Segment Start: DATA LISTING

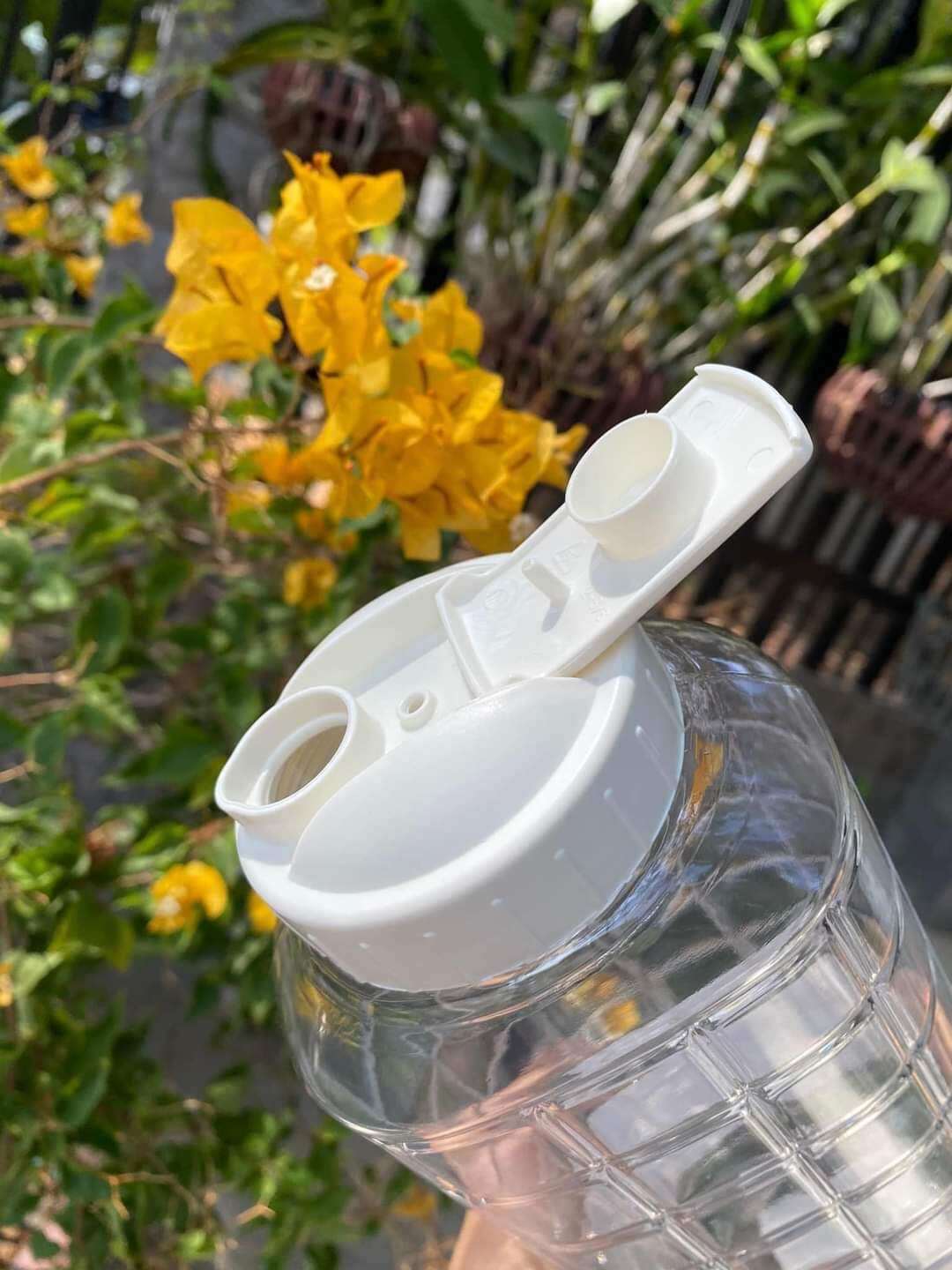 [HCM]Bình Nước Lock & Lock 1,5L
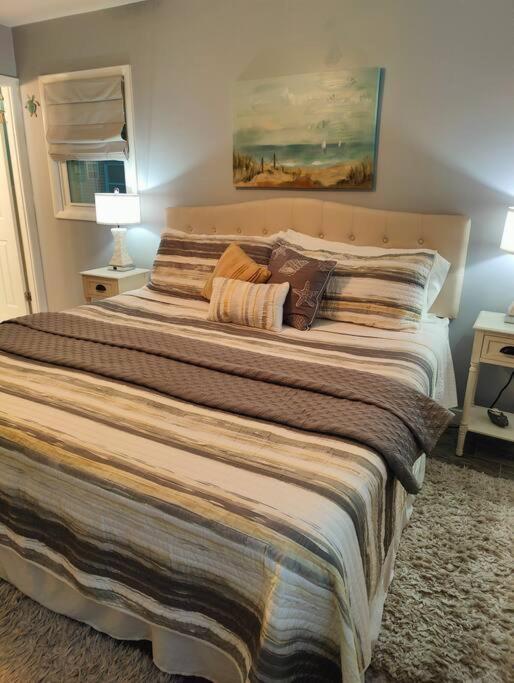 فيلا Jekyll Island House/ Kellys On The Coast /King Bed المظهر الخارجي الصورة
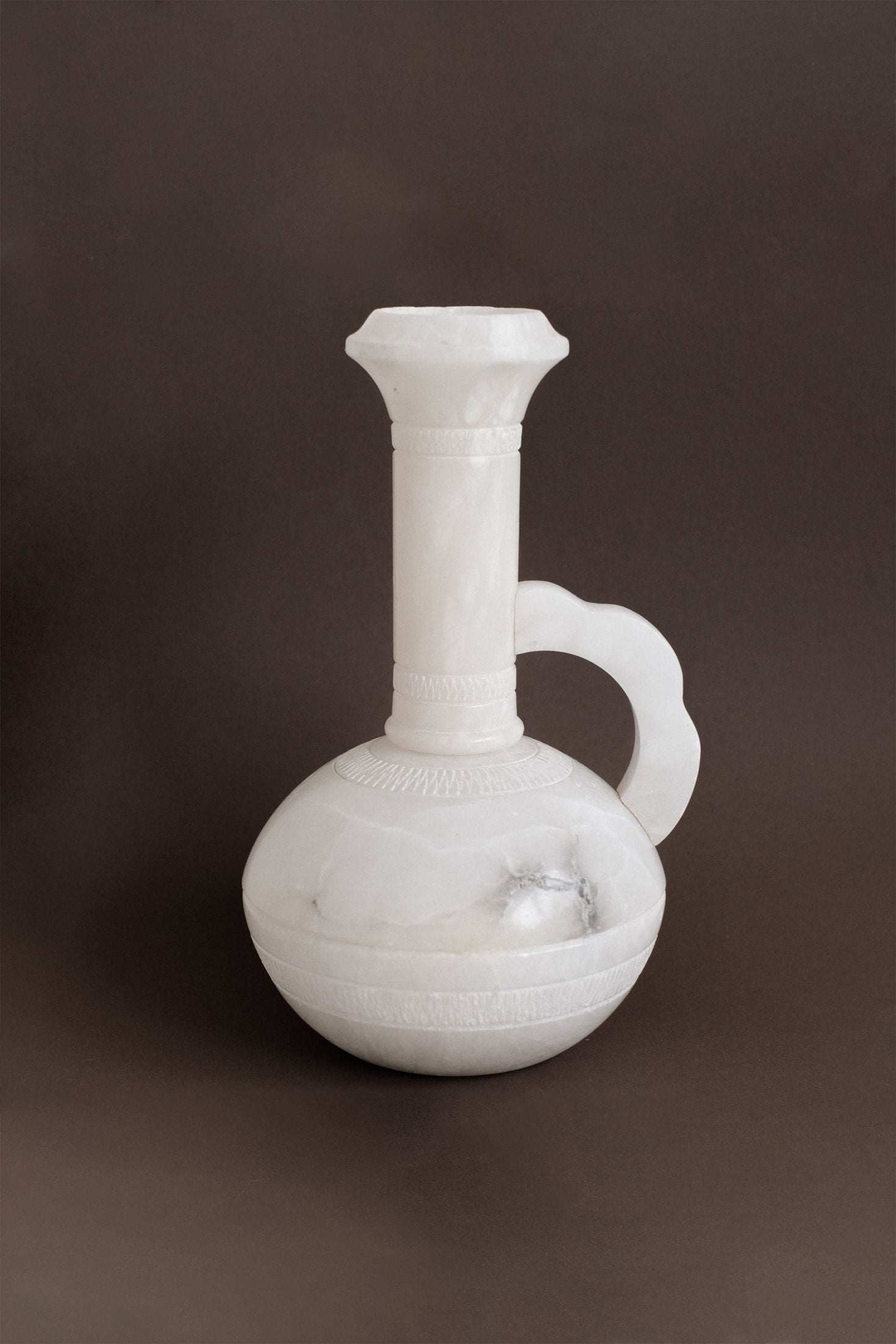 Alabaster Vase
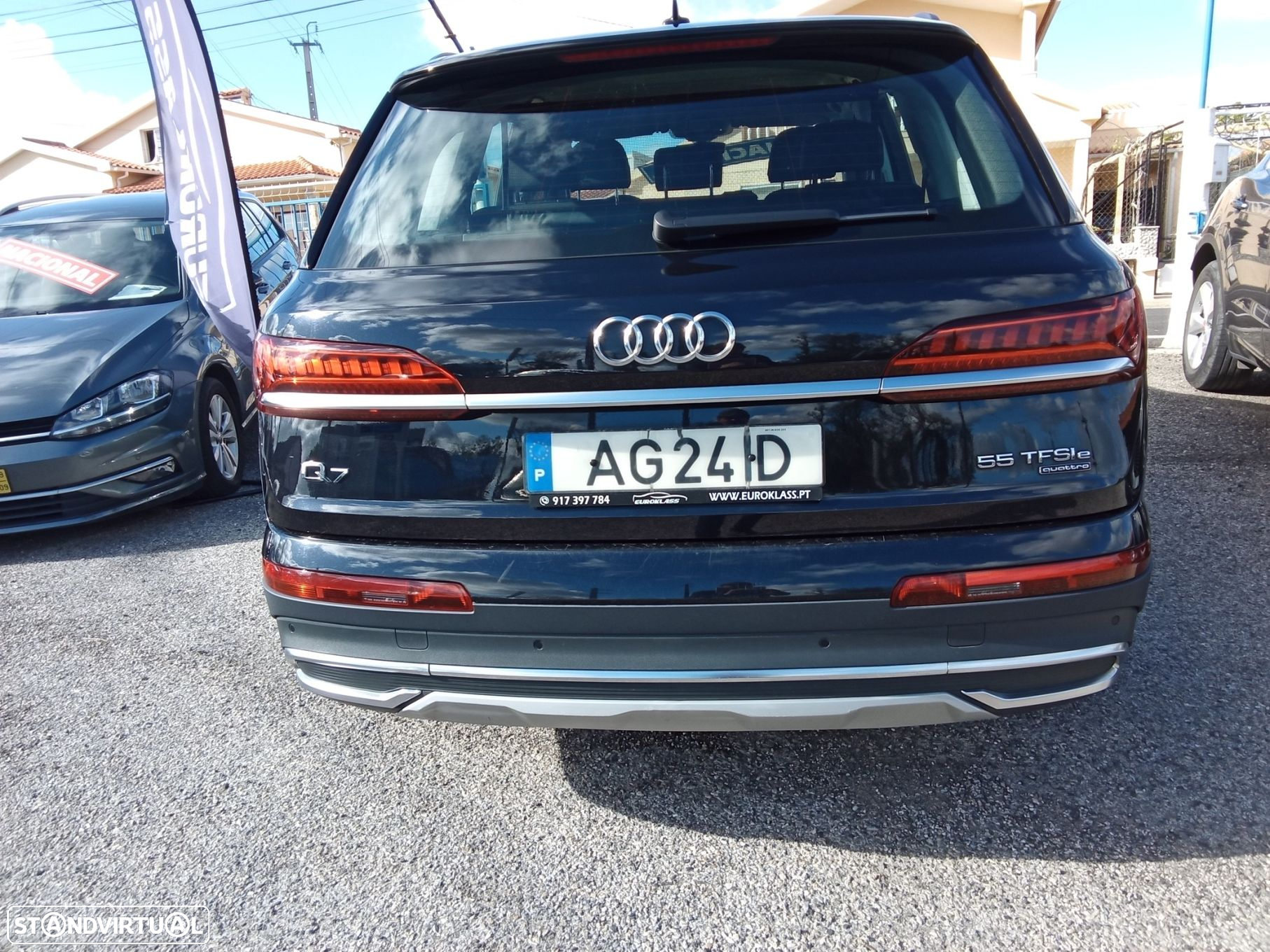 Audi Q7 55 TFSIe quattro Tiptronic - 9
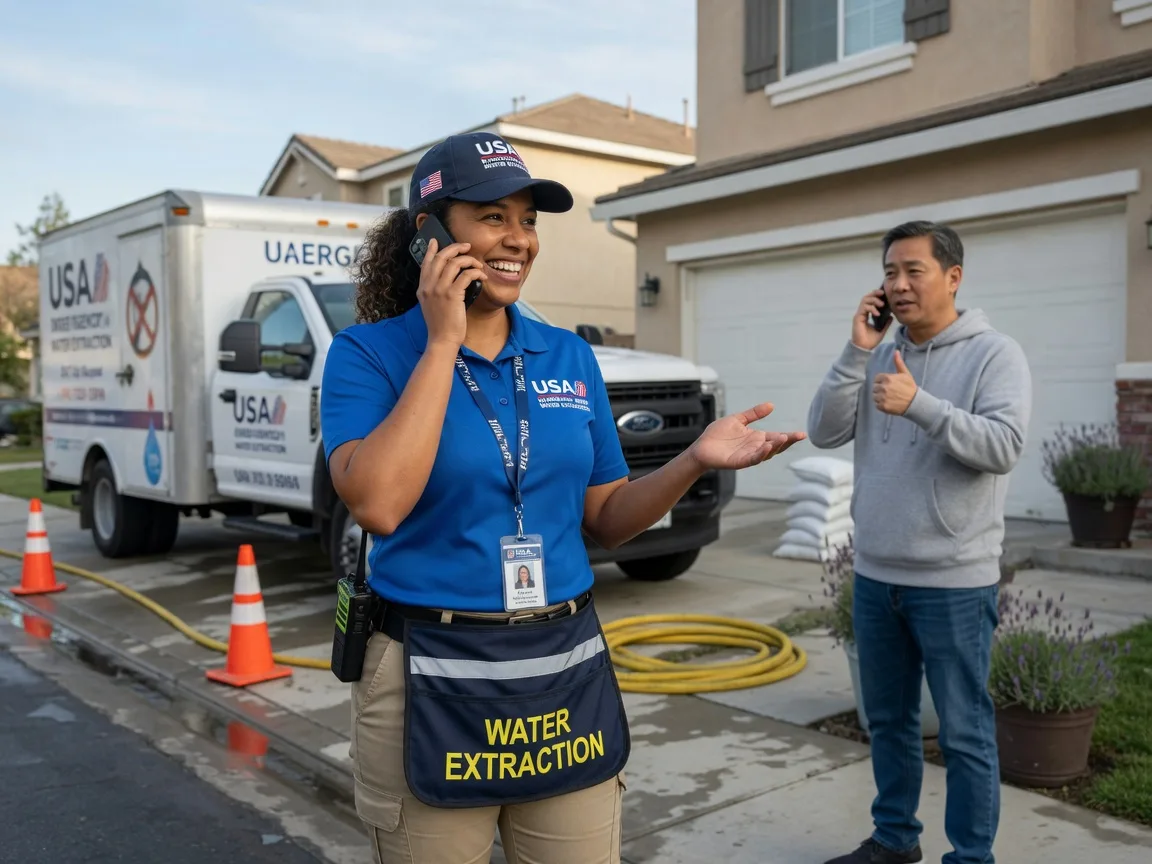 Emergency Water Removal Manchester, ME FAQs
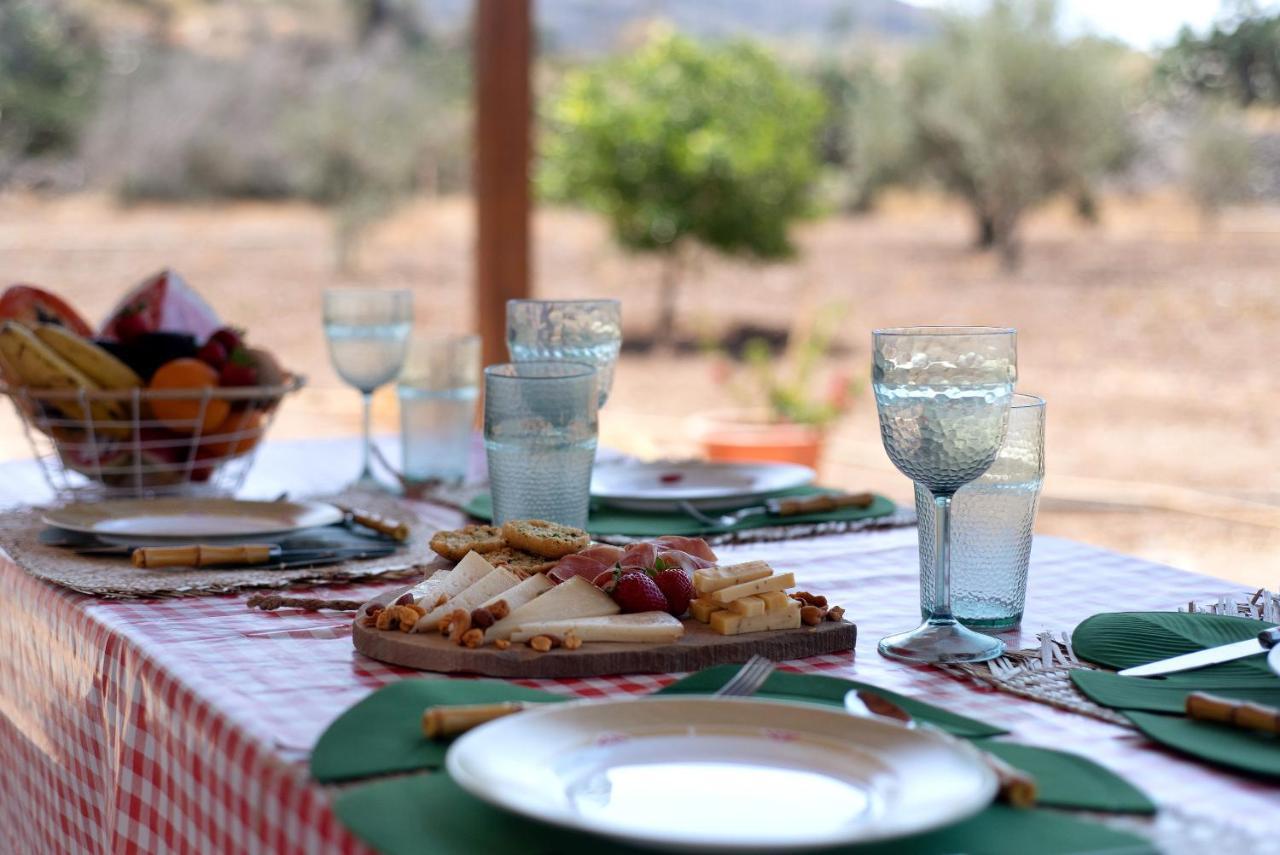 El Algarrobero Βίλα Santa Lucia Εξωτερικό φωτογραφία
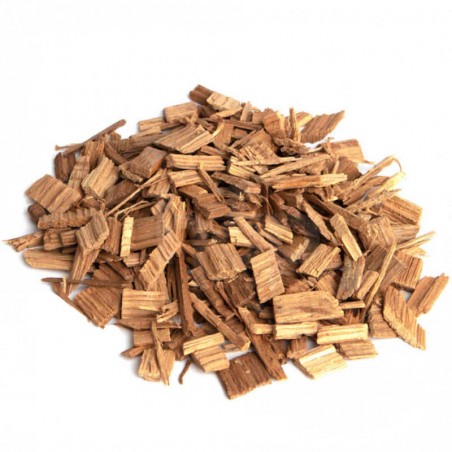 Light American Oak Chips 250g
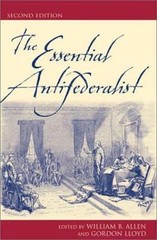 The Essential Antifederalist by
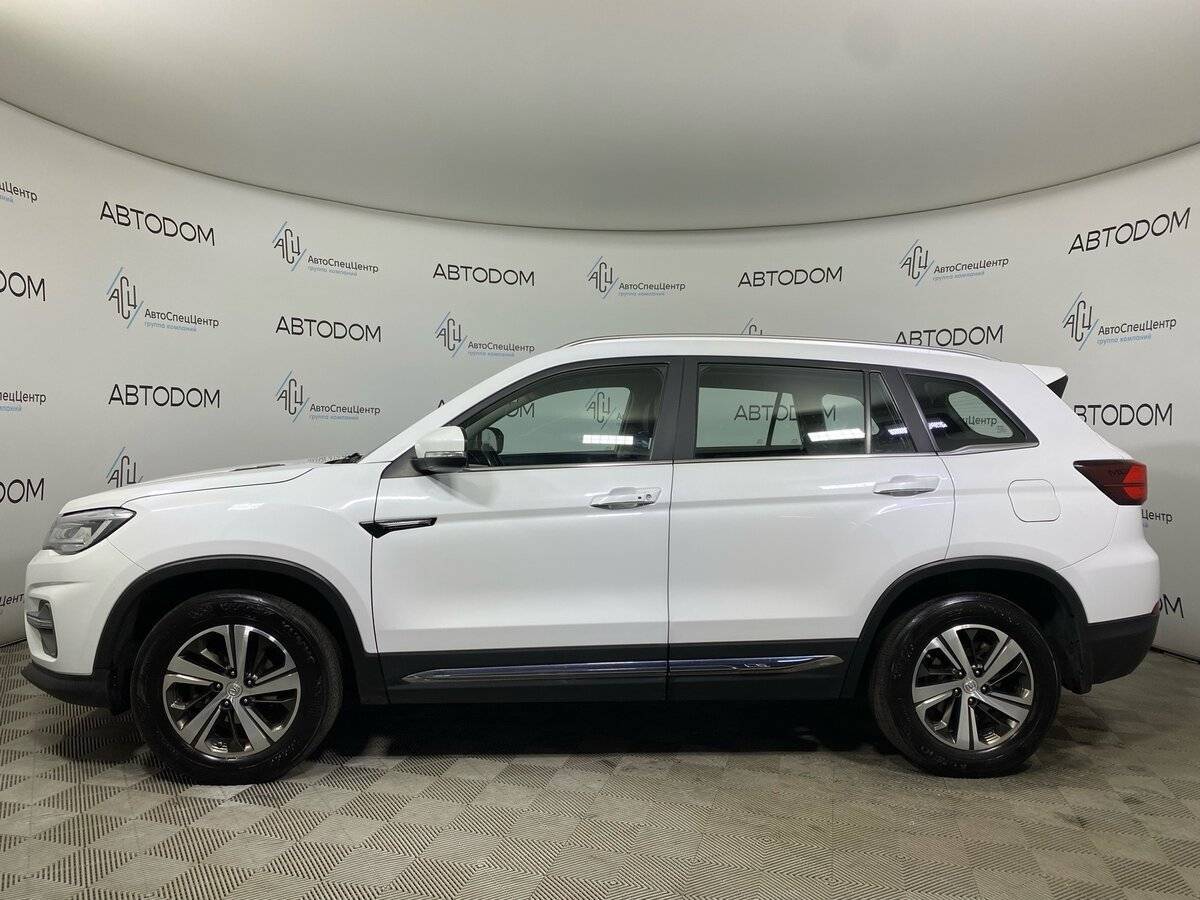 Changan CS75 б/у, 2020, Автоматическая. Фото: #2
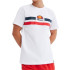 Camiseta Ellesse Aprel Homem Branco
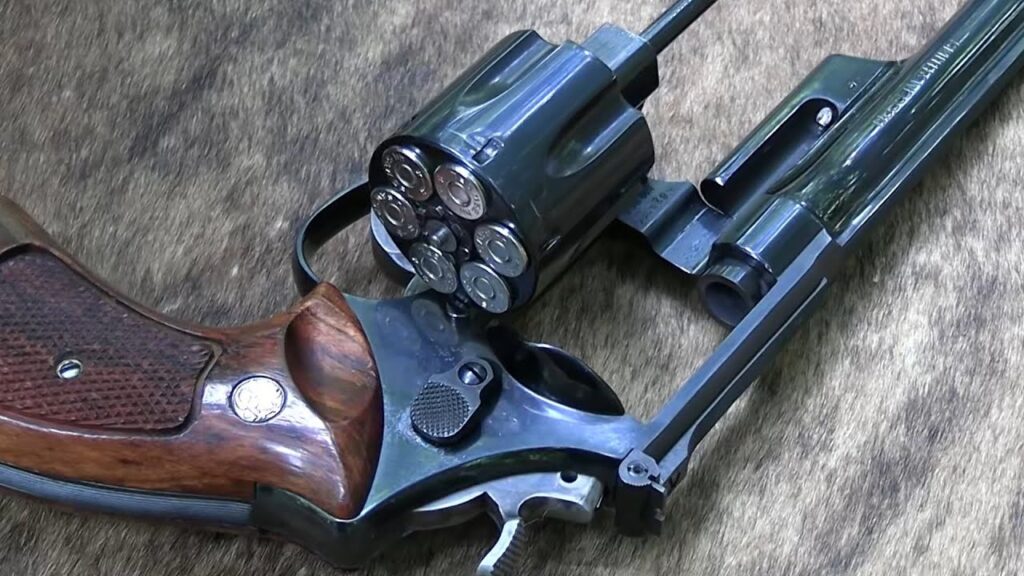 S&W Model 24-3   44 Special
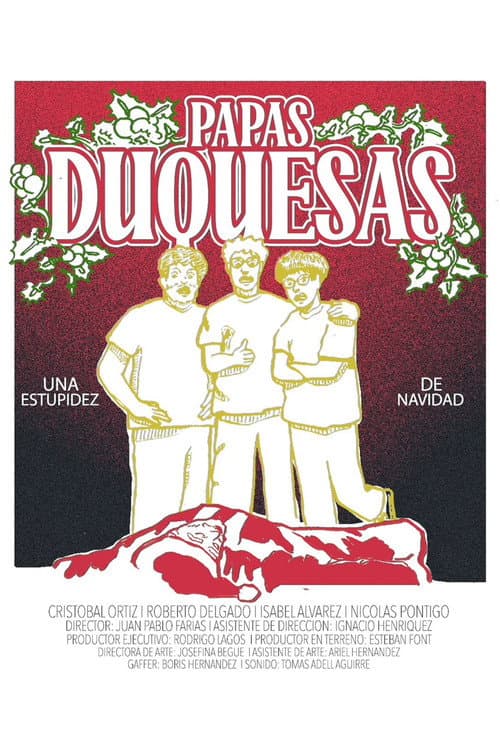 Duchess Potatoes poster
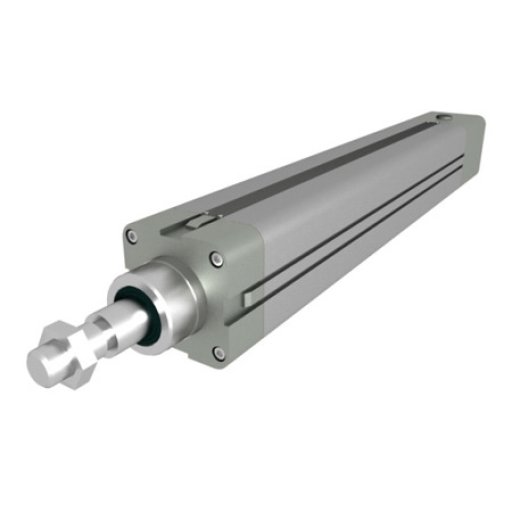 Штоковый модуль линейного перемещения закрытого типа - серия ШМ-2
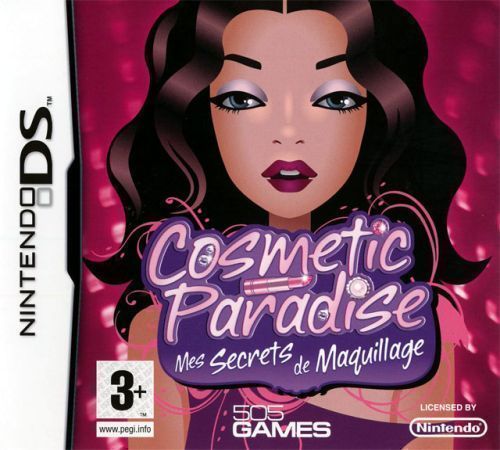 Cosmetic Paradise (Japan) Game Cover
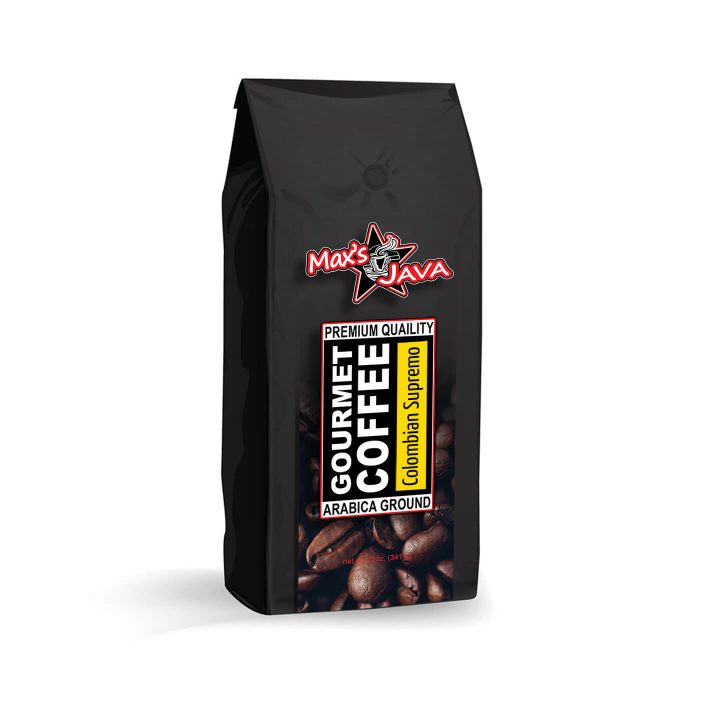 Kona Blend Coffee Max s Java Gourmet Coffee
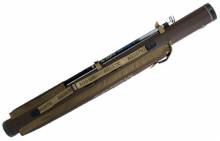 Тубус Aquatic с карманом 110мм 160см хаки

Segment End: DATA LISTING

*THE PROBLEM*.
Without the pictures, retype exactly the lines from the one that holds "Changan CS75 б/у, 2020, Автоматическая." to the last line of the data above, both of them included.

*ANSWER TO THIS EXERCISE*.
 Changan CS75 б/у, 2020, Автоматическая. Фото: #2
 Camiseta Ellesse Aprel Homem Branco
 S&W Model 24-3   44 Special
 Duchess Potatoes poster
 Штоковый модуль линейного перемещения закрытого типа - серия ШМ-2
 Cosmetic Paradise (Japan) Game Cover
 Kona Blend Coffee Max s Java Gourmet Coffee
 Тубус Aquatic с карманом 110мм 160см хаки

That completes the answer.